W4. Climate and Environment
Workshop organized by:
- D. Hristopulos
- S. Blesic
Section I
Statistical Physics and Machine Learning for Environmental Modeling
D. Hristopulos
The aim of this inter-disciplinary workshop is to bring together theoretical, experimental and computational contributions that focus on the understanding and modeling of environmental processes and datasets. Statistical, stochastic, and machine learning methods, which are routinely used to analyze and extract information from complex patterns in environmental datasets, have strong links with statistical physics. This workshop aims to highlight such connections and the applications of stochastic, machine learning, and statistical physics approaches in climate and the environment.

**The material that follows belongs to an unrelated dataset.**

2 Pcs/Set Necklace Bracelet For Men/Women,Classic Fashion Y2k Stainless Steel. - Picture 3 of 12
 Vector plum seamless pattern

A non-exclusive list of topics of interest includes computational and theoretical methods for the analysis of large spatiotemporal data sets, causality detection in environmental and climate series, methods that address multi-scale interactions, applications of Gaussian process regression and other machine learning methods to spatiotemporal environmental datasets, simulation of non-Gaussian heterogeneous media, applications of stochastic differential equations to environmental and ecological processes, change-of-scale methods for spatiotemporal systems, applications of complex network theory to hydrological processes, and estimation of long-range correlations. Physical phenomena of interest include environmental flow and pollutant transport, natural hazards (earthquakes, fires, avalanches, floods, and landslides), extreme meteorological and hydrological events, atmospheric precipitation, and ocean waves.
Section II
Understanding climate, contributing to overall adaptation efforts
S. Blesic
The most pressing issues facing current interdisciplinary efforts that deal with the complexity of climate change are in advancements in understanding and explaining the physical basis of climate dynamics realized, in parallel, with utilization of that knowledge to effectively contribute to new lines of research that will develop innovative applications that drive particularly adaption efforts. This workshop will be organized to showcase current research and research potential of both paths. Statistical physics community has already done a lot of important work in understanding climate variability. Therefore, the workshop will present statistical physics approaches to understanding of physical aspects of climate phenomena. The workshop will be extended with work that investigates various physical and non-physical phenomena in climatic context, thus contributing to the overall adaptation efforts. These kinds of investigations have an additional appeal, particularly to statistical physics community that standardly works in interdisciplinary areas, for they usually bring together researchers, practitioners and communities with discrete expertise, in order to better understand climate change and its impacts. Focuses of these researches are different but areas of interest are vast and can include any critical issue that climate change threatens to seriously exacerbate. What statistical physics can offer in this context is data- or model-led understandings that are of wider value to the scientific community and applicable local-scale insights.